— Definitivamente não foi uma boa ideia. — Samara falou para si mesma, sentindo a grama macia, mas gelada, sob seus pés, assim como a terra levemente úmida.
Quando pequena, ela adorava ficar descalça no jardim de casa e brincar no meio das flores. Às vezes, sua mãe até brincava junto, embora nunca tirasse os sapatos.
A garota não queria partir para lugar algum sem ter sentido a terra em contato com a pele, ainda que, agora, o que ela menos tinha era os pés no chão.
Enquanto caminhava, pensava sobre a próxima Estrela que encontraria. Será que soaria da mesma forma? Saberia explicar para Samara o que estava acontecendo? Como tudo aquilo era possível? Seria ela quem lhe daria suas respostas? Não seria como June, certo?
— Realmente, não sou. -— Sam ouviu a voz rouca e baixa, quase como um sussurro. Olhou para cima e, de fato, lá estava sua parada número dois. — Sou Aphelion, srta. Revedance. O que faz com os pés no solo?

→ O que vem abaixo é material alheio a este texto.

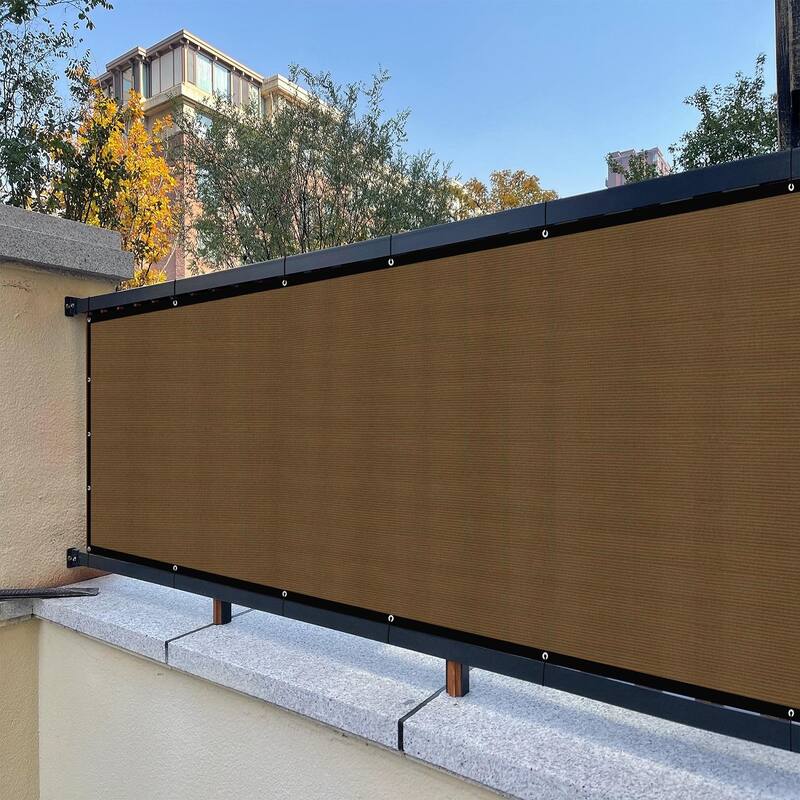 Shatex Privacy Fence Screen Heavy-Duty 90% Blockage Shade Cover Fencing Net , 3 x 50 ft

— Oi, olá. — Ela se atrapalhou, intrigada com o pouco brilho a sua frente e com o fato de Aphelion a reconhecer de cara. Bom, a notícia havia se espalhado. Dando de ombros, ela continuou: — A grama parecia macia.
— Aqui não é um lugar para se andar com os pés no chão, embora eu discorde.
Aphelion falava diferente. Baixo, de forma delicada e correta. Nada disso passou despercebido por Samara. A estrela sequer parecia uma, emitia a sensação e imagem de um garoto encolhido no cantinho do quarto. Se os seres fossem músicas, Samara pensou, Aphelion seria What I'm Becoming, de Cage The Elephant.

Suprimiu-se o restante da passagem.